We were weeping, all of us. I was at church, on a pew, next to a familiar lady and her granddaughter. I watched as one of the congregation was called to the front. I assumed he was walking to the altar and I knew who he was though I could only see a small portion of his profile. He began walking, making his way down the pew until he reached the aisle. I looked over at the lady and we were sobbing but happy for him. I reached over and hugged her. I suddenly was looking down upon her, as if I too had stood. Everyone was so happy for me too that I had been called next but just as I began to step forward, I woke. For days all I wanted was to go back, to be there again but I never could manage to get there again.

This Sunday my health was regained and I couldn't wait to walk through those glass doors. The sun warmed my skin as we drove through the Spring-like portraits for miles and miles toward that little country church. I thought of the dream and how un-finished it seemed. I knew there was more but I didn't seem to be able to complete His message to me. I was hoping today, I would find the ending.

Finally, I found my way to our favorite pew. "Mama, she's here," my child said to me. I turned to see the little blue-eyed lady walking in, stopping to greet everyone in her path. She took seat behind us as usual and just having her presence brings about a peace. She brings wisdom with her age. Her blue eyes have seen way more than mine but she humbly sits in The House of The Lord, to worship like any other sinner in that room. Meeting broke out within the first few strokes of the ivory keys. The Spirited chuckles could be heard from the man on the front pew, the one who reaches down with his right hand to touch the cross on the bottom of his pew...the son of the blue-eyed lady. Between shouts around the room, I could still hear his chuckles and then I heard the voice of another. There was more than one chuckle in that room and this time it was coming from her, the one who lives behind those blue eyes. She too chuckled a time or two in the midst of her son's voice and that brought a smile to my face. I wiped away the warm river falling from my eyes, but I was smiling at the same time.

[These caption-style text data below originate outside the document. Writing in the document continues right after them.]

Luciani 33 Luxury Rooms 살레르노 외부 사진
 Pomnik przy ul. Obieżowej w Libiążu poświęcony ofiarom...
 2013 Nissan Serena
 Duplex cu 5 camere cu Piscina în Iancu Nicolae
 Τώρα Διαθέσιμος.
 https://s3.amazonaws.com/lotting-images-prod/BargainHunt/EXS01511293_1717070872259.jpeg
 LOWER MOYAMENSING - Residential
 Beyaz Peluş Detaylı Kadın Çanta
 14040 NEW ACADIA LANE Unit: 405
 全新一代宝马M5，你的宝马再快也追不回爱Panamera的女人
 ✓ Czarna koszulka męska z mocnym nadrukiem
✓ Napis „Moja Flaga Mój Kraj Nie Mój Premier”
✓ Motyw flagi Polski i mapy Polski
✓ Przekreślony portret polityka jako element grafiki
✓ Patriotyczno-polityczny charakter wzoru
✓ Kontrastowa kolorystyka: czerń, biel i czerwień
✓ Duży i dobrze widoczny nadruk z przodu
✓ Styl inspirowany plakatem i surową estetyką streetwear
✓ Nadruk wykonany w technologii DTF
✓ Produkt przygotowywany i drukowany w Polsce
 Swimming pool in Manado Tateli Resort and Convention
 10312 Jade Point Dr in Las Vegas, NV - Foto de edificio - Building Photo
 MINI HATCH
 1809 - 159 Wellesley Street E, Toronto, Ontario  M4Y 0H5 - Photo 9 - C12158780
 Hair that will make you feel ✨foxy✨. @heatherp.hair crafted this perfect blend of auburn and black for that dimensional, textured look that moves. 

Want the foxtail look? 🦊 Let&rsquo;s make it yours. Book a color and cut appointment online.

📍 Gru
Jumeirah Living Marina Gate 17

After a Testimony, a Deacon of the church asked us what were we thankful for. I thought of all those people who used to sit on these pews but were no longer here. They are with Him now and I wouldn't wish them back for anything, but I never had a chance on this side to meet them either. I only wish I had. The husband who used to sit beside her. He knew those blue eyes better than anyone else in that room, but he is gone on, singing with The Angels. I thought of the boy, who used to sit beside his parents at one time. He left one night after a service similar to this one, but I never got to meet him. He was here too, I can feel what he did to these people, what he meant to them. His brother stood and spoke of him just after that, and I knew The Lord was pulling it all together for me. All I had to do was listen. Today, I was thankful for them, the ones I never knew.

I had all but forgot about that dream until the man in the back stood. His broken voice gained strength as he took leaps toward the front of the room. One by one he took hands and said that they could be next. He took them away from their pew and placed them up front, together. It wouldn't be long until some of us were called Home. Next Sunday, someone may be missing. Tears were rushing down my face but I knew how right he was.

The parents of the boy who once was, walked up to the front and began The Old Ship of Zion. Voices from all over the room orchestrated together and I moved my lips but sang in silence. I listened. I listened to soon to be Angels singing together. I listened to the blue-eyed lady sing every single word behind me. I knew that old ship was coming, and I just wanted to get on board.

I thought of the dream. I went back in. All week, I had wanted to go back and just like that, I was there. I realized that the man who stood before I did wasn't being called up to the church's altar. I realized when I hugged my friend, it was goodbye, and she was so happy for me. We were going Home...one by one. It was finished.

I am Blessed yet again for another Spirit filled service. He never ceases to amaze me. I look forward to what little time we all have left down here, but I really look forward to meeting the ones I never knew, and The One I'll know forever. Blessed are we at my little country church.